Living on Maine’s coast for most of my life, I’m embarrassed to admit that I’m no sailor. And the last time I caught a fish, I was 10. But I am a reader and an occasional doubter. So I was intrigued to read, “Crossing the Waters: Following Jesus through the Storms, the Fish, the Doubt, and the Seas,” by Alaskan author and fisherwoman Leslie Leyland Fields (2016 NAVPRESS).
Fields and her family live on Harvester Island, a rugged, beautiful place full of adventure, deep isolation, and danger. Throughout the fishing season, they cross the waters in boats, casting nets in hope that what they catch will sustain them. They bail rotting jellyfish from skiffs, mend nets, slice and clean salmon, survive accidents, and weather turbulent storms while working together.
Interspersed with this story, Fields, in her late 50s, travels to the Holy Land on a solo, two-week trek around the Sea of Galilee in search of the real Jesus – the one who called his fishermen followers to leave their nets, who calmed storms, and who walked on water. This challenging and beautiful memoir reveals hard-won truth, such as a lesson learned during the terror of being lost alone in a skiff with a dead engine during a winter snowstorm. Fields interweaves her story with that of Christ, fishing on Galilee with his disciples, asleep in the boat, when a storm arises.
Don’t you care? Fields recalls the disciples, a weathered group of fishermen, asking.
“That moment came for me as well,” Fields writes. “I did not believe that I would drown, but I did not know how I would survive that day. I wondered if God knew, if he saw, if he truly loved me after all. I had oars, but I had nowhere to go. Where I had come, motoring slowly and carefully, there were only cliffs, not a single beach to safely land my skiff on.
“Standing in the falling snow, with oars in my hand and nowhere to go, I had nothing left. I did what they finally did: ‘Lord! Where are you? Don’t you care? Help me!’”
Those who have climbed in the boat with Jesus, who have trusted him to sustain them as they navigate the troubled waters of life, will understand Field’s despair. Does God care when the sea turns violent? That harrowing day on the water, as soon as Fields prayed the clouds parted, and she saw a distant beach. After landing, she set up a small camp, praying that the bears would stay away while she waited to be rescued.

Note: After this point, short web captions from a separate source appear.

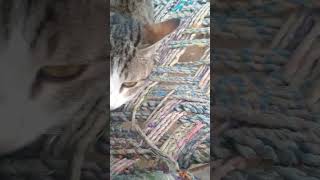 ਇਸ ਗਰੀਬ ਨੂੰ ਵੀ ਸਬਸਕ੍ਰਾਈਬ ਕਰਲੋ| #cat #animallover  #shorts #viralshortvideo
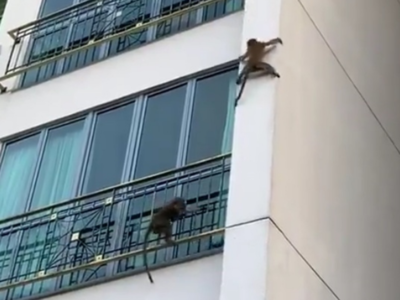 Viral video shows monkeys climbing down a building in sync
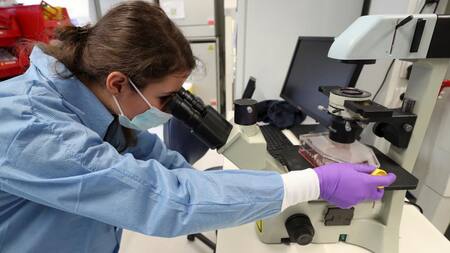 Coronavirus, búsqueda de cura, REUTERS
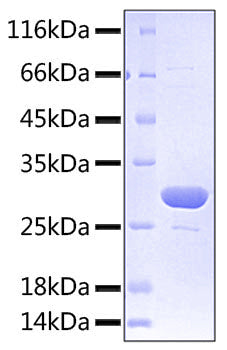 Recombinant Human TNFSF9/4-1BB Ligand Trimer Protein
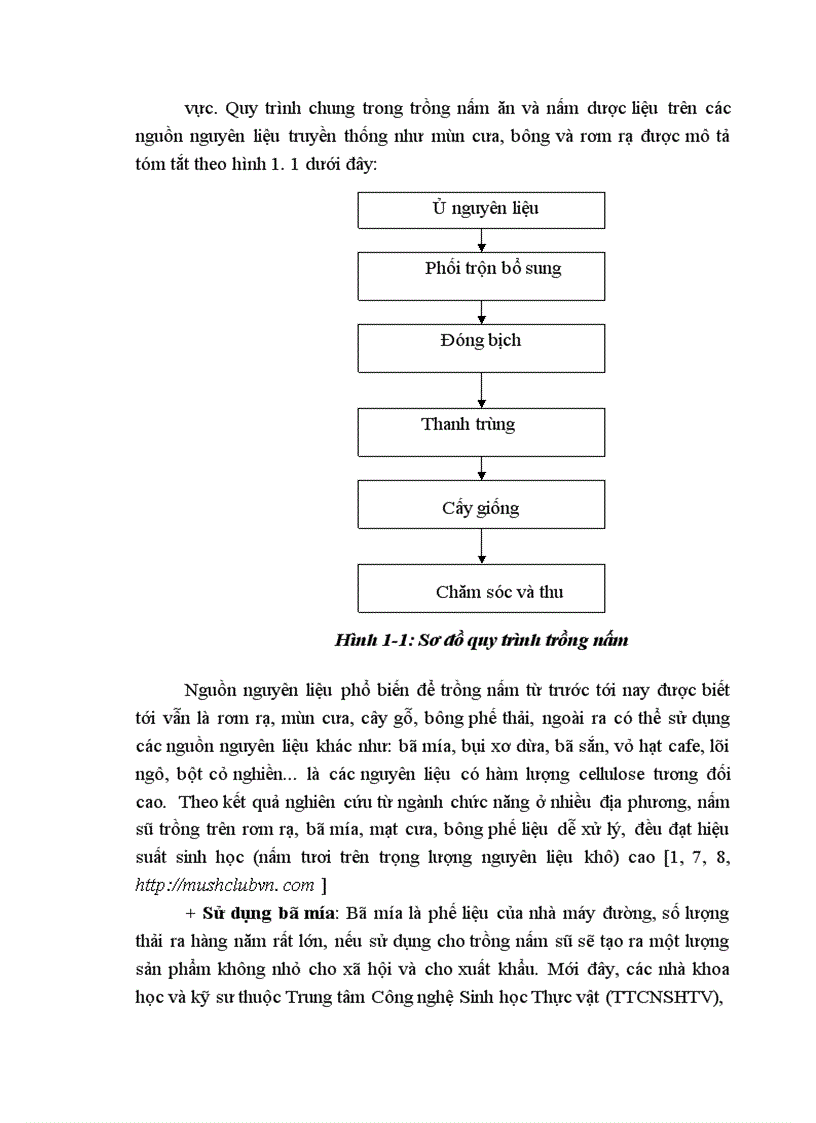 image for page Nghiên cứu hoàn thiện quy trình sử dụng bã sắn trước và sau lên men thu enzyme để nuôi trồng nấm ăn và nấm dược liệu 1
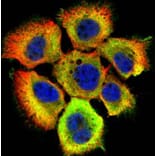 HSP70 antibody from Signalway Antibody (23022) - Antibodies.com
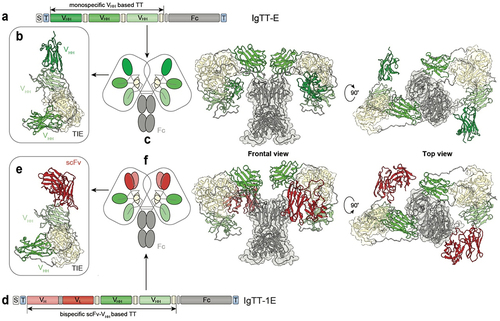 Figure 1. Molecular diagrams and models of the IgTT-E and IgTT-1E antibodies. Gene layout of the monospecific IgTT-E (a), bearing a signal peptide from oncostatin M (white box), three anti-EGFR VHH (green boxes), three collagen-derived trimerization (TIE) domains (yellow boxes) flanked by peptide linkers and the Fc encoding element (gray boxes). N-terminal FLAG-Strep and C-terminal Myc-His tags (blue boxes) were appended for purification and immunodetection purposes. Schematic diagram showing the three-dimensional model of the TT (b), the molecular diagram and the three-dimensional modelizations of the IgTT-E, in front and top views (c). Gene layout of the bispecific IgTT-1E (d), bearing a signal peptide from oncostatin M (white box), one anti-PD-L1 scFv (red box) and two anti-EGFR VHH genes (green boxes), three TIE domains (yellow boxes) flanked by peptide linkers and the Fc encoding element (gray boxes). N-terminal FLAG-Strep and C-terminal Myc-His tags (blue boxes). Schematic diagram showing the three-dimensional model of the TT (e), the molecular diagram and the three-dimensional modelizations of the IgTT-1E in front and top views (f).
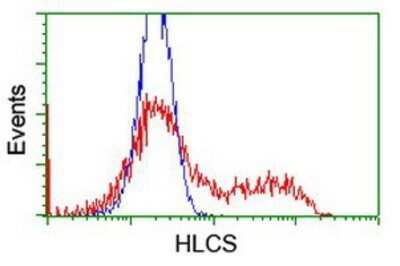 Flow Cytometry: HLCS Antibody (OTI1E4) - Azide and BSA Free [NBP2-70893]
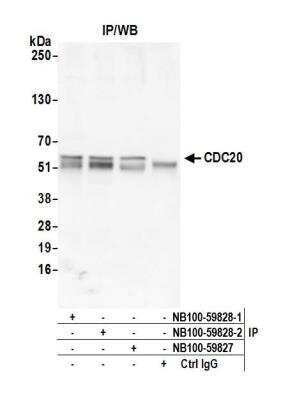 Immunoprecipitation: Cdc20 Antibody [NB100-59828]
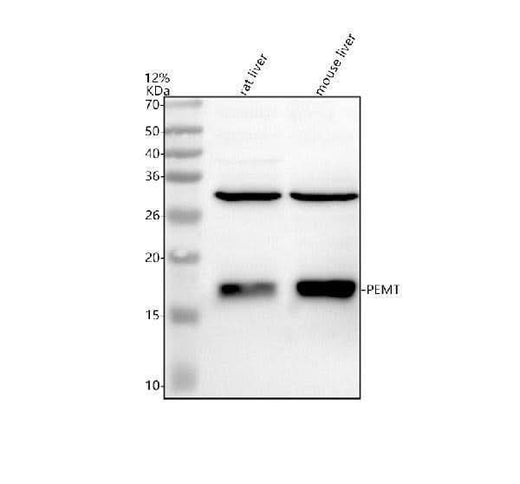 Anti-PEMT Antibody Picoband® Boster Bio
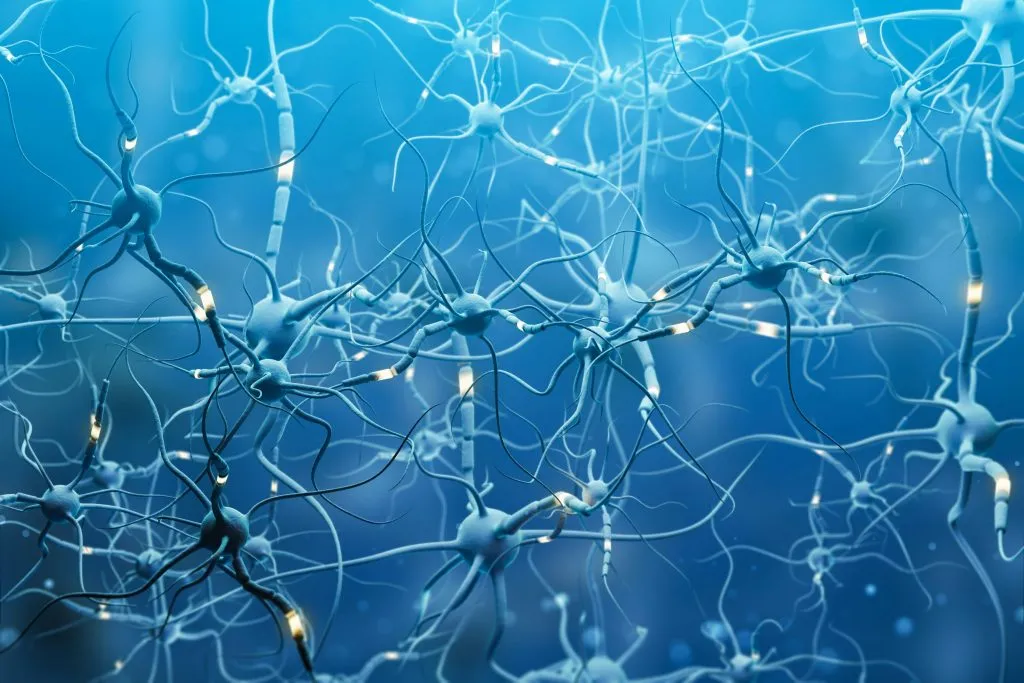 nerfs affectés par le virus du zona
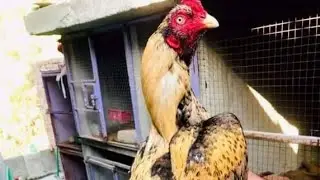 fancy birds chicks#love #live  #pets  #cute#10million  #youtubeshorts #shortsviral#bunny #rooster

“But it’s not really over,” she writes. “I live in a place (don’t we all?) where storms come on the heels of another, and Jesus doesn’t rescue everyone from the raging gales.” This is the Jesus Field invites us to trust: the one who not only calms the storms, but who is the storm. The journey is well worth the trip.
Meadow Rue Merrill writes and reflects on God’s presence in her everyday life from a little house in the big woods of midcoast Maine. Her memoir, “Redeeming Ruth,” releases in May 2017.